At the end of The Wizard, Able feeds his blood to Disiri until she is 
raised to his level, from an Aelf (her true form being mud and sticks 
and leaves) to human. This is a very eucharistic theme, I think. A very 
overtly Christian theme and IIRC some on this list considered it too 
overt for their tastes.

On 2/28/2012 4:11 AM, Daniel Petersen wrote:
> Sorry, I should clarify that I didn't detect any overt Judeo-Christian 
> elements (especially compared to other major Wolfe works) except 
> Michael.  But, yes, as has been mentioned, the very concept of a Most 
> High God is lifted straight from Old Testament scripture (and other 
> ancient Mesopotamian texts?).  And yes, Michael's position to the Oden 
> figure is surely significant (symbolised by size-proportion to 
> tingling effect, I thought).  And yes, I was trying to say that I 
> suspected Wolfe wove his Catholic worldview deeply into the fabric of 
> Wizard-Knight through various means other than (what seems to me the 
> mostly absent) way of direct allusion.  I can't remember the ending of 
> The Wizard, but the way The Knight ended seemed fairly Christian 
> 'eternal reward'/'heaven'-ish (and again probably subsuming other 
> myths of afterlife).
> I guess I'm fairly shocked not to detect a eucharistic element, which 
> usually seems central to Wolfe's epic works.  But maybe that's the point?

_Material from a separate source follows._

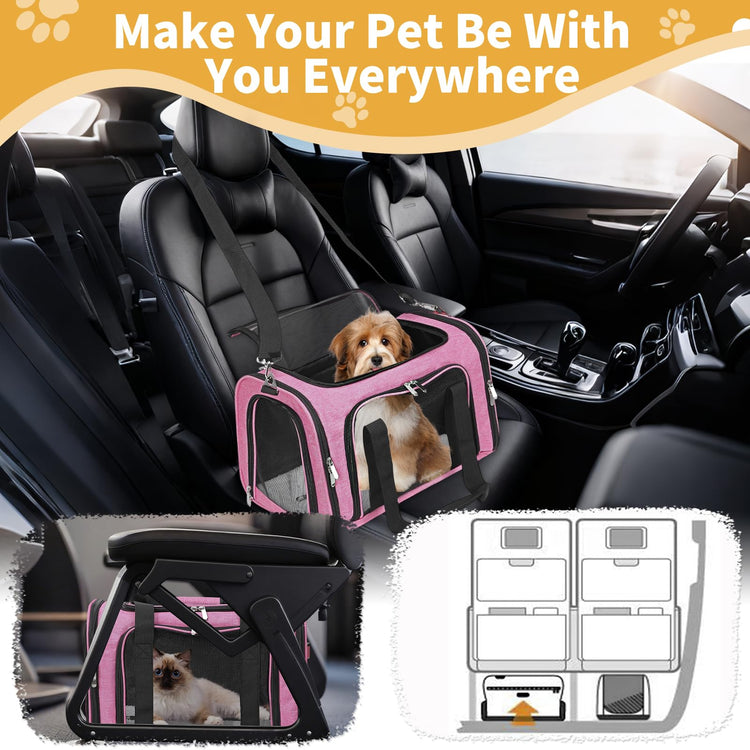 Soft-Sided Cat/Dog/Pet Carrier, Collapsible Pets Travel Carriers for Big Cats/Small Dogs with Shoulder Strap & Removable Mat, Mesh Puppy Carry Bag, Up to 16 Lbs, TSA Airline Approved(Black)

> On Tue, Feb 28, 2012 at 8:21 AM, James Wynn <crushtv at gmail.com 
> <mailto:crushtv at gmail.com>> wrote:
>     IIRC when things go to hell, the Most Low God turns and runs away.

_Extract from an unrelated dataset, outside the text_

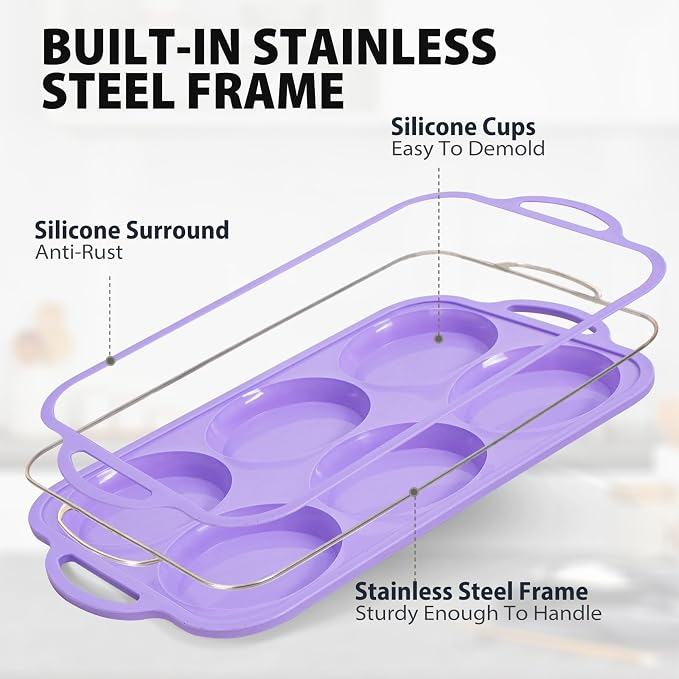 4 Inch Jumbo Silicone Muffin Top Pan with Metal Frame, Non Stick Silicone Egg Mold for Oven, Large Whoopie Pie Baking Pan with Handle for English Breakfast Sandwich, Egg Bite, Bun Tart, Purple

>     We see his back, so we know he was lying about the worlds being
>     circular. And surely the Most Low God must always lie.
>         >"I didn't detect any Judeo-Christian element except for the
>         (pretty amazing) appearance of
>         > Michael the Archangel."
>     The ending of The Wizard was as close to straight allegory
>     (Christian allegory) as Wolfe gets.
>     As for why the connection between Alfather and Michael, well I
>     believe it has to do with the fact that in Germany the chapels to
>     St. Michael  (that is, the angel) were built over sites of worship
>     to Woden.
>     http://en.wikipedia.org/wiki/W%C5%8Ddanaz#Medieval_reception
>     Michael consumed all the all nobel aspects of Woden (Odin,
>     All-father). Or perhaps as Wolfe sees it, Michael is a *higher
>     form* of Allfather.
>     J.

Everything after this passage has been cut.